First Friday Club of Cleveland hears how Christ is working in Elvis Grbac’s life
First Friday Club of Cleveland hears how Christ is working in Elvis Grbac’s life
First Friday Club of Cleveland hears how Christ is working in Elvis Grbac’s life

One thing is front and center in Elvis Grbac’s life: Christ.

The former NFL and Super Bowl-winning quarterback shared with the First Friday Club of Cleveland on Dec. 5 how his faith has molded him. Faith and family are his priorities, Grbac said -- and faith is definitely first.

As a 10-year-old, he remembered dressing early for Easter Mass, lying in his bed and contemplating the crucifix.

“I broke down in tears,” he said. “I understood what Christ had done. The Holy Spirit opened my heart and put that into my heart forever. That was God working through a 10-year-old kid.”

As the years progressed, Grbac attended St. Joseph High School (now Villa Angela-St. Joseph) in Cleveland and the University of Michigan before moving on to the NFL.

“I guess I was a pretty good athlete,” he quipped.

Grbac was good enough in high school to be noticed by a Division I football program. At Michigan, he led the Wolverines to five Big 10 championships, four Rose Bowl appearances and a Gator Bowl appearance before being drafted by the San Francisco 49ers, where he played quarterback for four years and helped the team win its fifth Super Bowl. Then he spent four years with the Kansas City Chiefs before finishing his NFL career with the Baltimore Ravens in 2001.

Through it all, his faith sustained him. He recalled how with the 49ers’ team owners -- the DeBartolo family -- had a strong Catholic background and ensured Mass was available each Sunday.

He also credits his wife, Lori, who was his high school sweetheart, for being a strong partner and best friend.

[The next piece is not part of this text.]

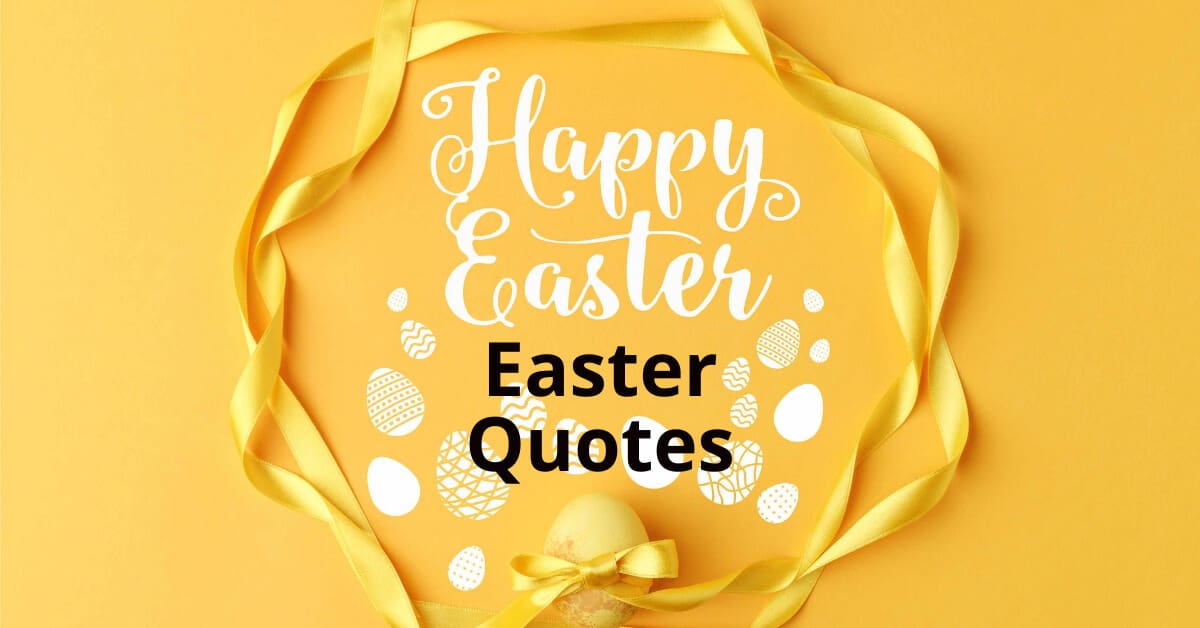 Yellow background, Easter quotes.
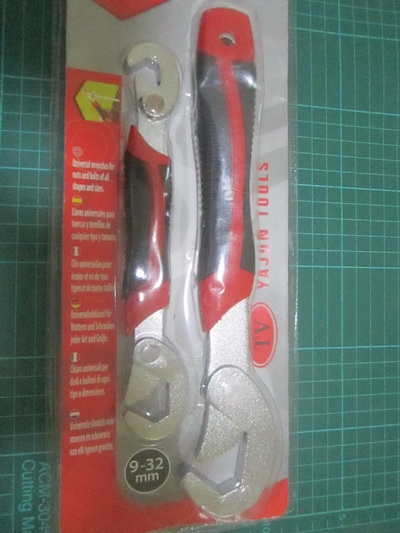 ประแจล็อคอเนกประสงค์สองตัวใช้ได้ 9-32 mm ราคาถูกๆๆ 550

They have been married 25 years and have three children. The Grbacs are members of Holy Angels Parish in Bainbridge.

“I wouldn’t be here without her,” he said.

After retiring from the NFL at age 31, Grbac said he had to decide what to do with the rest of his life. Moving back to Cleveland was a no-brainer.

He talked about seeing his grandparents – who lived in Croatia -- only a handful of times. “I didn’t want that for my kids. I wanted them to know their grandparents and what they sacrificed,” he said.

Grbac’s parents, Ivan and Cecilia, immigrated from Croatia in 1968 with his two older siblings.

“They came here with two children, their faith and no money,” he said, adding, “I could never repay them for what they’ve done. They’re everything to me.”

His parents are staunch Roman Catholics and instilled the faith in their children. “Sunday Mass? You were there,” he said, adding his faith is entwined with who he is.

Grbac said he became very involved in his children’s lives after retiring from football. He was present for them at every opportunity, including driving them to school and coaching all sports.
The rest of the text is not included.